**Goal of the exercise**
Word for word, copy the records and drop the pictures.

**Dataset entries**
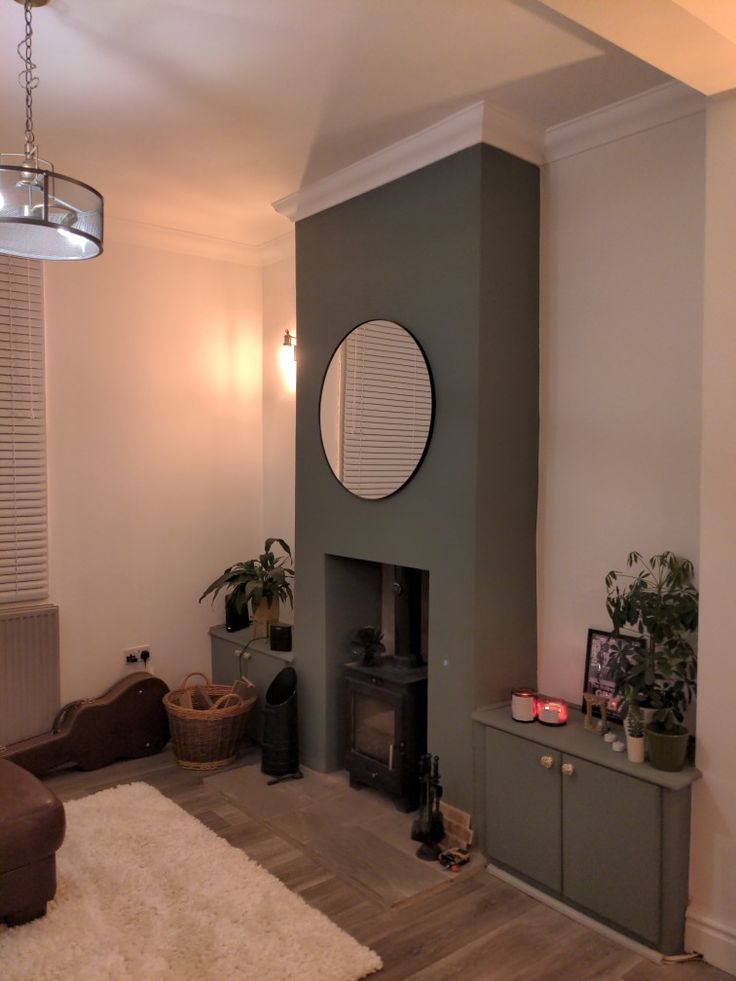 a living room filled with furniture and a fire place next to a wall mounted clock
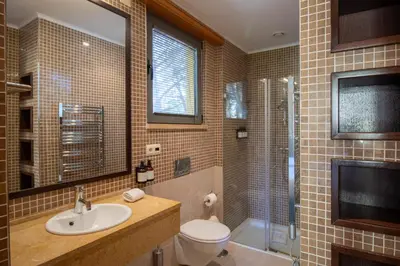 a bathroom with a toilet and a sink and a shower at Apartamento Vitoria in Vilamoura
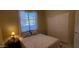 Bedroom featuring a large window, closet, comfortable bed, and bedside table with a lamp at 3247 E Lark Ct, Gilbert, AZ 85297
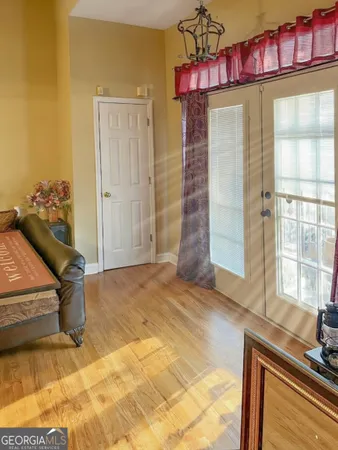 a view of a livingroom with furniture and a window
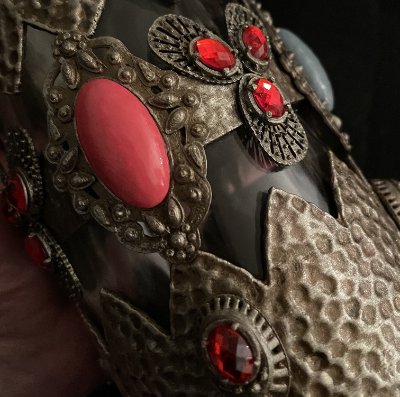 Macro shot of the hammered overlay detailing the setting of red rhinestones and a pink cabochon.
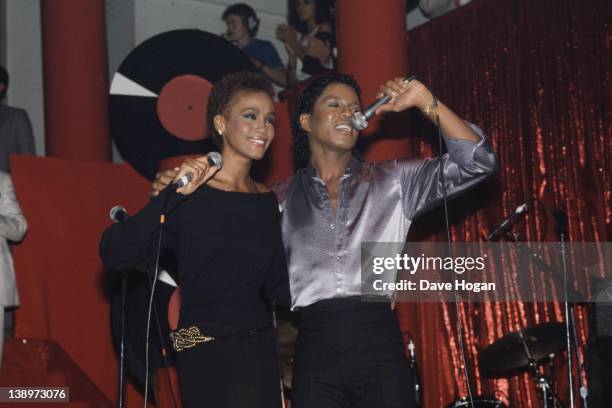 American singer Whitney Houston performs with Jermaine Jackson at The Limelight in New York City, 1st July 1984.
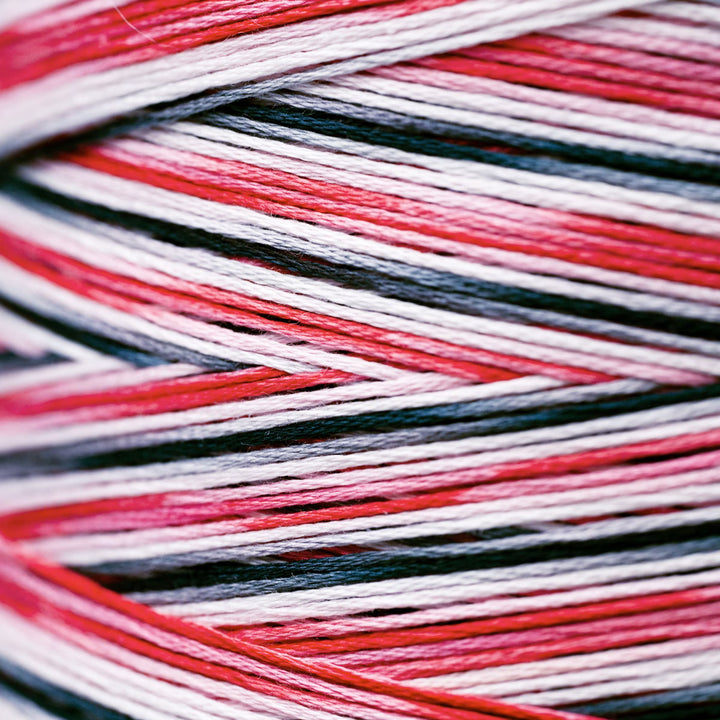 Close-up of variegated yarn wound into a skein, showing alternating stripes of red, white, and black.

**Answer for this exercise**
 a living room filled with furniture and a fire place next to a wall mounted clock
 a bathroom with a toilet and a sink and a shower at Apartamento Vitoria in Vilamoura
 Bedroom featuring a large window, closet, comfortable bed, and bedside table with a lamp at 3247 E Lark Ct, Gilbert, AZ 85297
 a view of a livingroom with furniture and a window
 Macro shot of the hammered overlay detailing the setting of red rhinestones and a pink cabochon.
 American singer Whitney Houston performs with Jermaine Jackson at The Limelight in New York City, 1st July 1984.
 Close-up of variegated yarn wound into a skein, showing alternating stripes of red, white, and black.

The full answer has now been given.